Segunda, 14 de maio de 2018, 07h46

Política de MT

Fux avalia retirar do STF processo contra Maggi por compra de vaga

Arthur Santos da Silva, repórter do GD


O ministro Luiz Fux, do Supremo Tribunal Federal (STF), determinou que a Procuradoria-geral da República (PGR) se manifeste quanto a competência para julgar o ministro da Agricultura, Blairo Maggi, numa ação penal pela suposta compra de vaga no Tribunal de Contas de Mato Grosso (TCE).

João Vieira

O pedido de parecer foi feito com base no julgamento responsável por estabelecer que, no caso de parlamentares federais, o foro por prerrogativa de função no STF fica restrito aos casos de crimes comuns cometidos após a diplomação e relacionados ao cargo. O parecer deve estender o exame a ministros (cargo ocupado por Maggi).

Maggi foi denunciado levando em consideração o crime de corrupção ativa (duas vezes) por ter, em 2009, na condição de governador, participado do esquema de compra e venda de vagas no TCE.

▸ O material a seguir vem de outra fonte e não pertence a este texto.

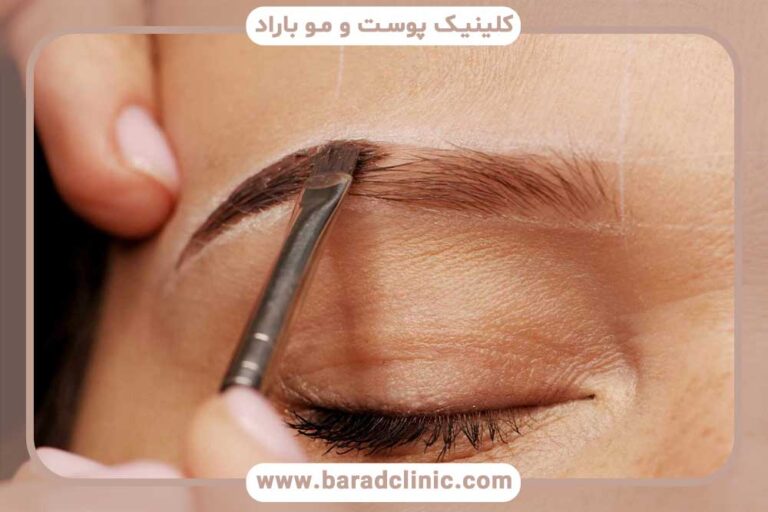 تراکم ابرو بعد از کاشت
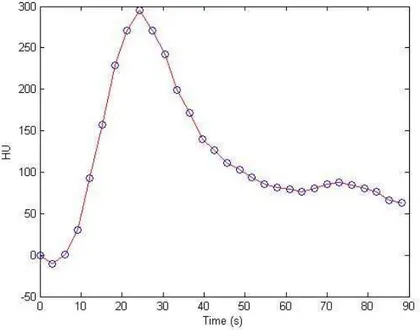 Figure 2: An example of Time attenuation curve  (TAC). This curve has been obtained positioning a ROI (Region of interest)  on aorta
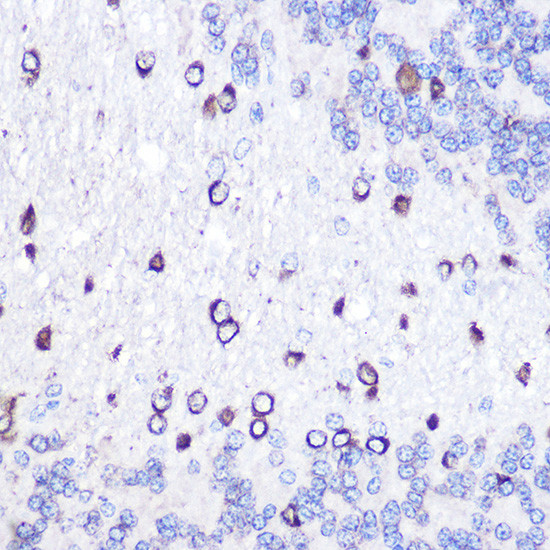 GOLPH2 Antibody in Immunohistochemistry (Paraffin) (IHC (P))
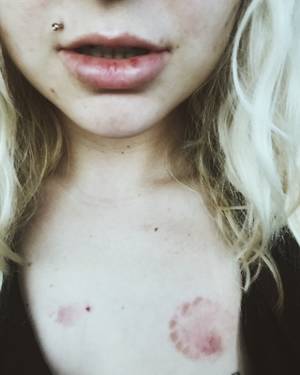 Bruises Porn - Loading image of anamaul.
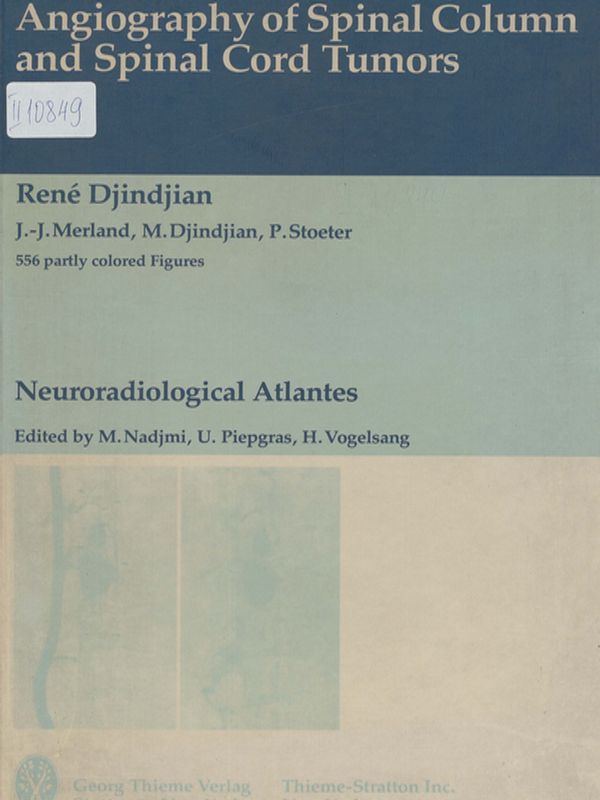 Angiography of spinal column and spinal cord tumors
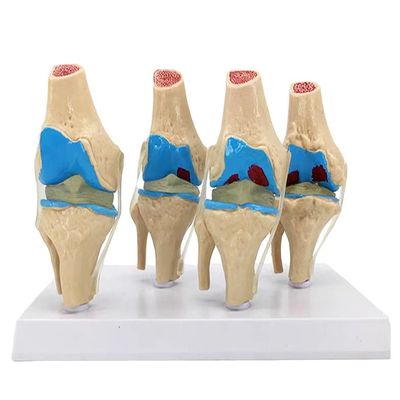 医学科学のためのヒト膝関節病理学モデルの解剖学実証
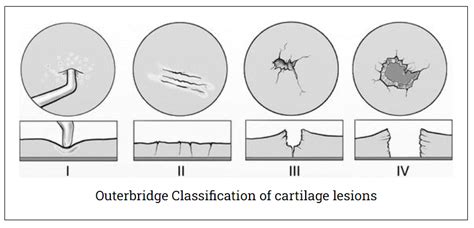 Articular Cartilage Injuries And Management Home Consultant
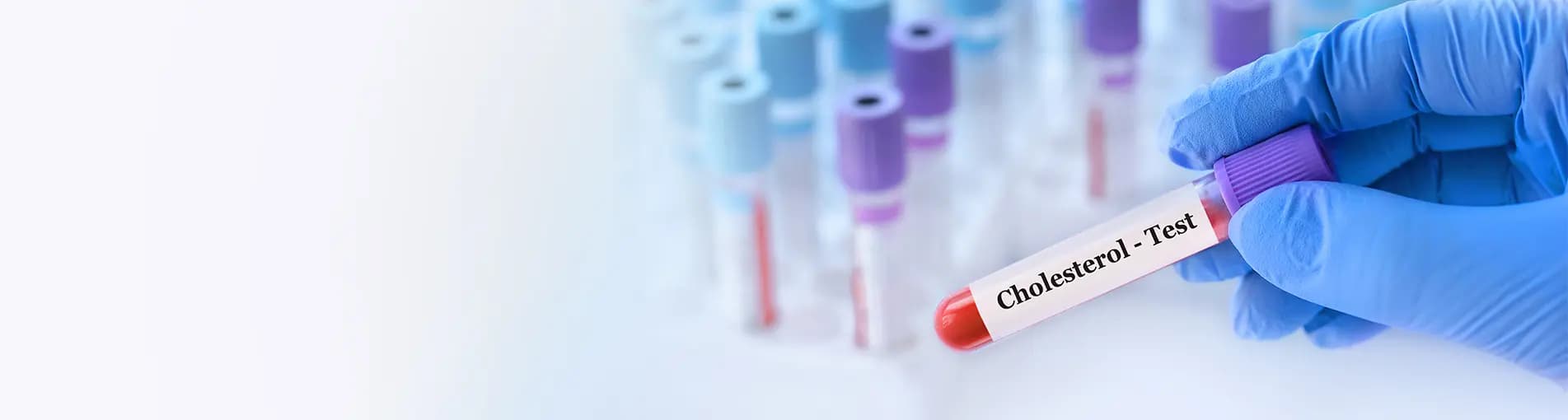 Lipid Profile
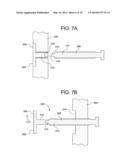 FEMORAL FRACTURE FIXATION DEVICE diagram and image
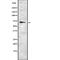 Receptor Like Tyrosine Kinase antibody, abx218411, Abbexa, Western Blot image 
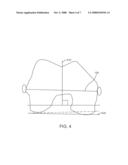 METHOD FOR IMPROVED ROTATIONAL ALIGNMENT IN JOINT ARTHROPLASTY diagram and image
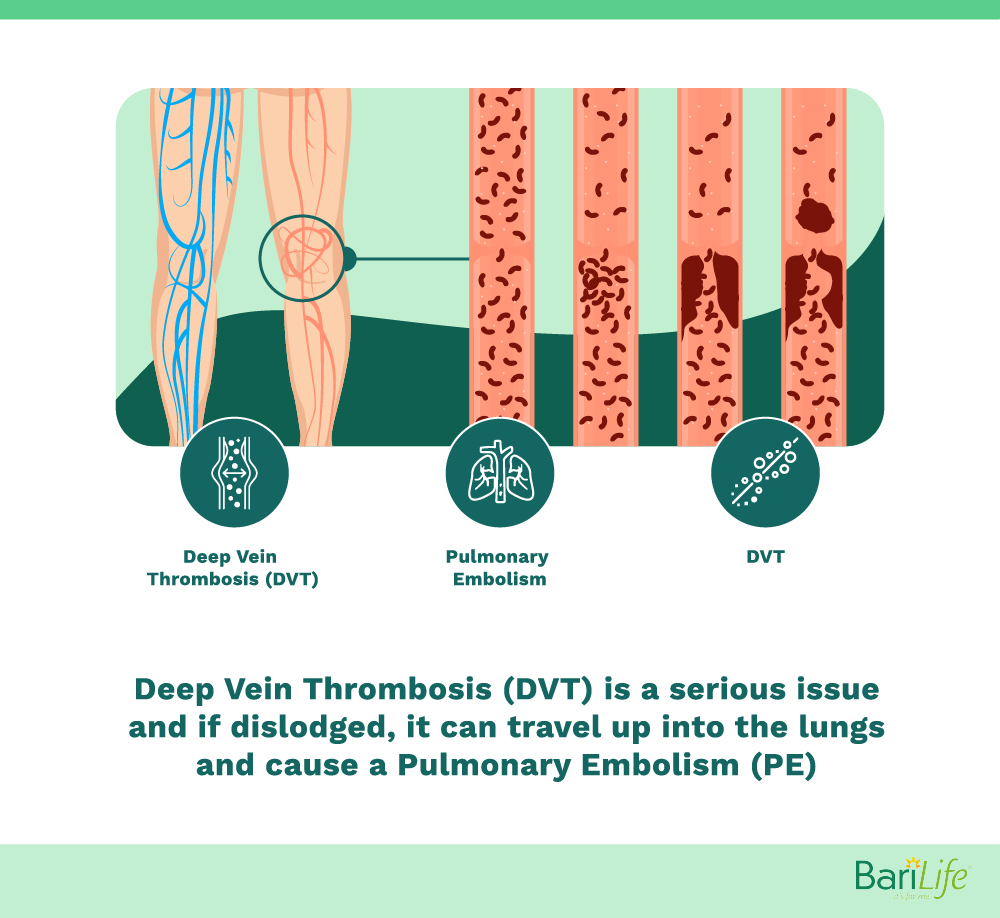 Deep vein thrombosis after gastric sleeve should be prevented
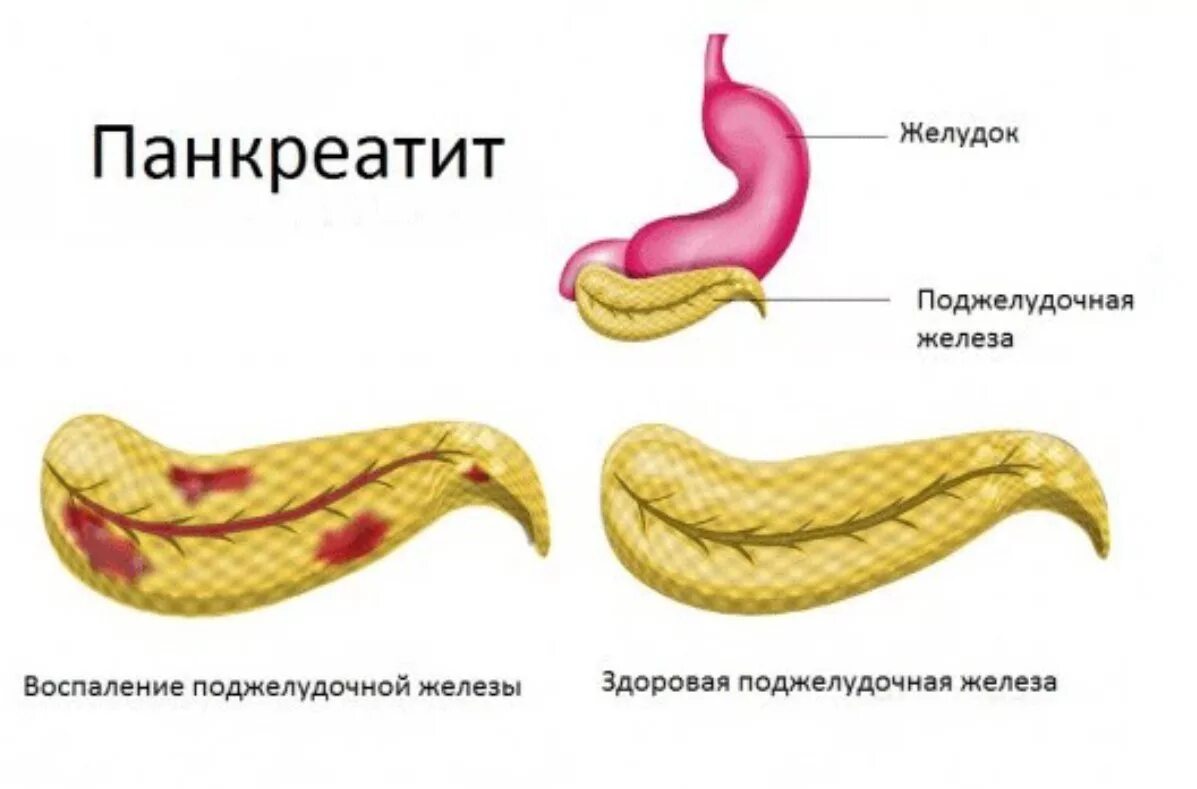 Панкреатин поджелудочная железа. Острый панкреатит поджелудочной железы. Острый и хронический панкреатит. Хроническое воспаление поджелудочной железы. Панкреатит ноги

Um dos beneficiados foi Sérgio Ricardo de Almeida, atualmente afastado do cargo de conselheiro por decisão liminar do ministro Luiz Fux. Ele foi denunciado pela prática de corrupção ativa e por lavagem de dinheiro

Na denúncia, a procuradora-geral da República, Raquel Dodge, descreve a atuação da organização criminosa instalada no alto escalão dos poderes Executivo e Legislativo de Mato Grosso e que é objeto de investigações iniciadas em 2014, na Operação Ararath.

No caso específico, foram reunidas provas de que o grupo fez pagamentos ao então conselheiro Alencar Soares Filho para que ele se aposentasse. A medida foi efetivada em 2012 e permitiu a indicação do ex-deputado estadual Sérgio Ricardo de Almeida para a corte de contas.

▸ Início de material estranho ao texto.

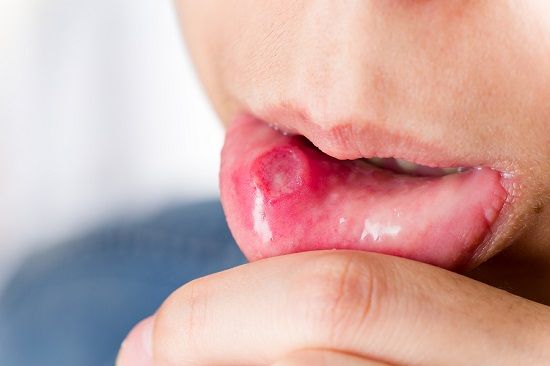 bigstock Mouth aphtha 70808170
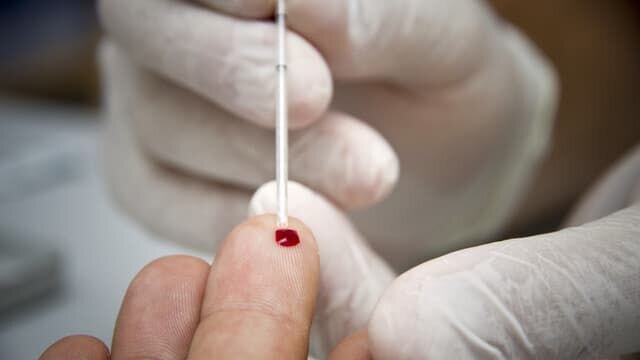 گونه جدید و خطرناک ویروس ایدز در هلند شناسایی شد!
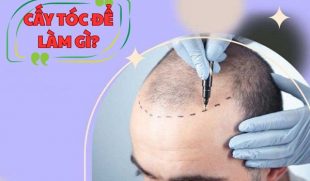 Cấy tóc để làm gì? Giải mã công dụng thực tế của cấy tóc tự thân
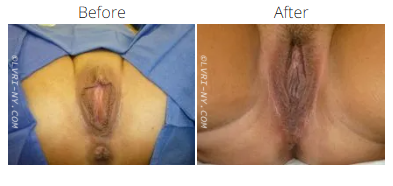 Before and after photo of a vulva. The 'before' shot shows a more full appearance. The 'after' shot shows a more sculpted look.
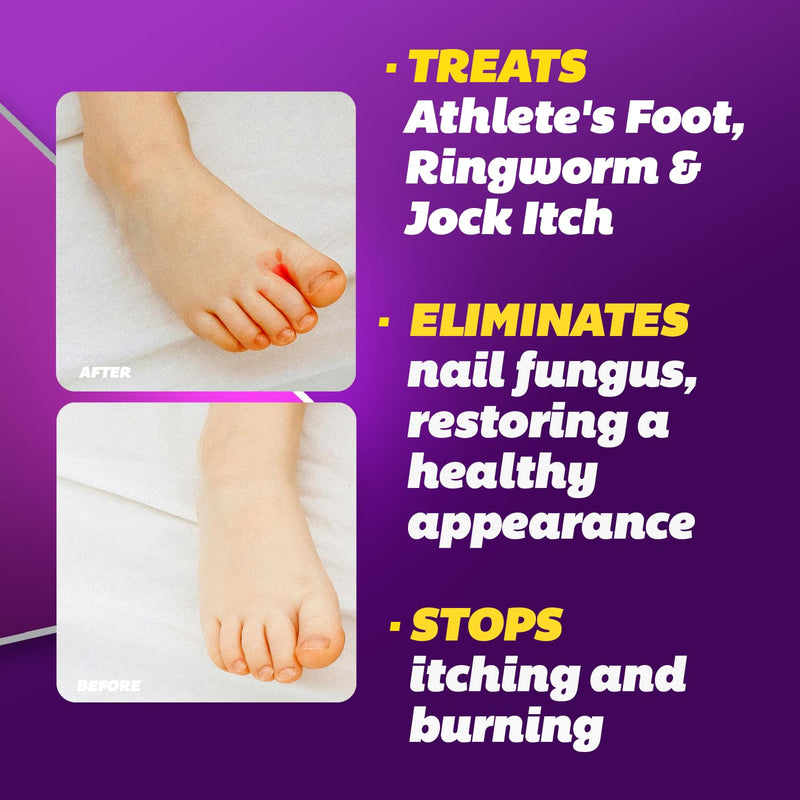 Silka Max Strength Antifungal Liquid & Cream Set - Powerful Relief for Toenail Fungus, Athlete's Foot, and Ringworm, Itch and Burn Relief - BeesActive Australia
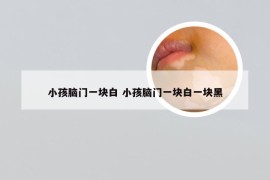 小孩脑门一块白 小孩脑门一块白一块黑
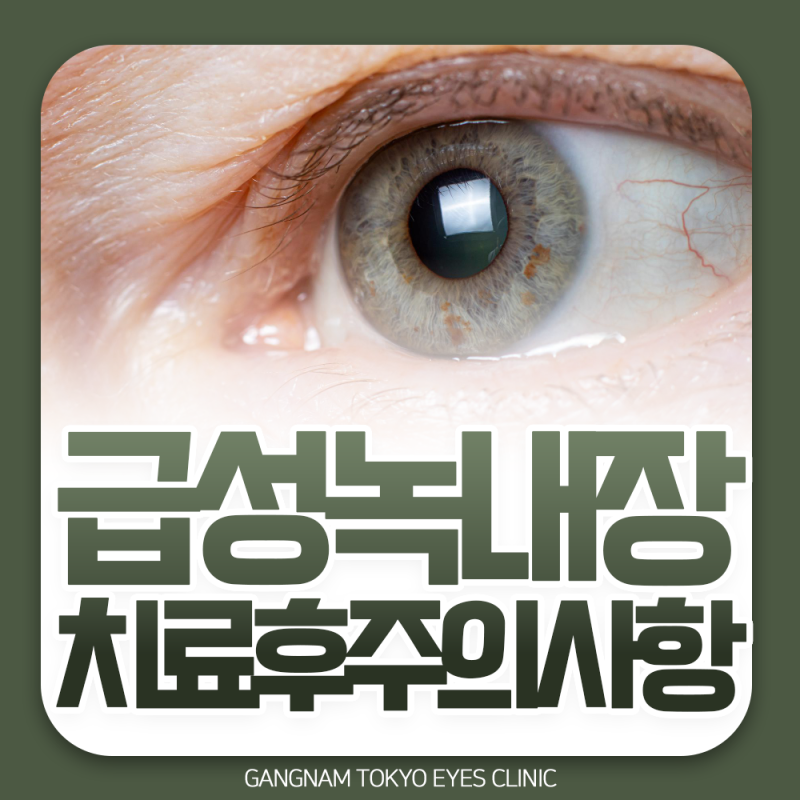 급성녹내장 레이저 치료 후 주의사항 세안부터 일상 복귀까지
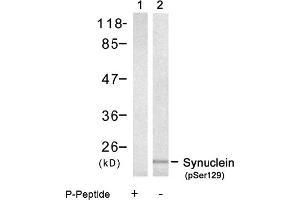 Image no. 1 for anti-Synuclein, alpha (SNCA) (pSer129) antibody (ABIN319235) (SNCA Antikörper  (pSer129))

Em troca da aposentadoria, Alencar Soares teria aceitado propina em valores que podem chegar a R$ 12 milhões. Para viabilizar os repasses o grupo contou com a atuação de Junior Mendonça.

Mendonça é proprietário de empresas que operavam como bancos clandestinos, emprestando dinheiro a juros, exigindo garantias reais e financiando o esquema que envolvia cifras milionárias.

Além da condenação às penas previstas no Código Penal para os respectivos crimes, Raquel Dodge requer que seja determinada a perda da função pública e a reparação do dano patrimonial, no valor de R$ 4 milhões.

Na denúncia também foi solicitado o pagamento de indenização por danos morais coletivos, acrescido de juros de mora e correção monetária pelos danos causados à imagem e à credibilidade das instituições públicas.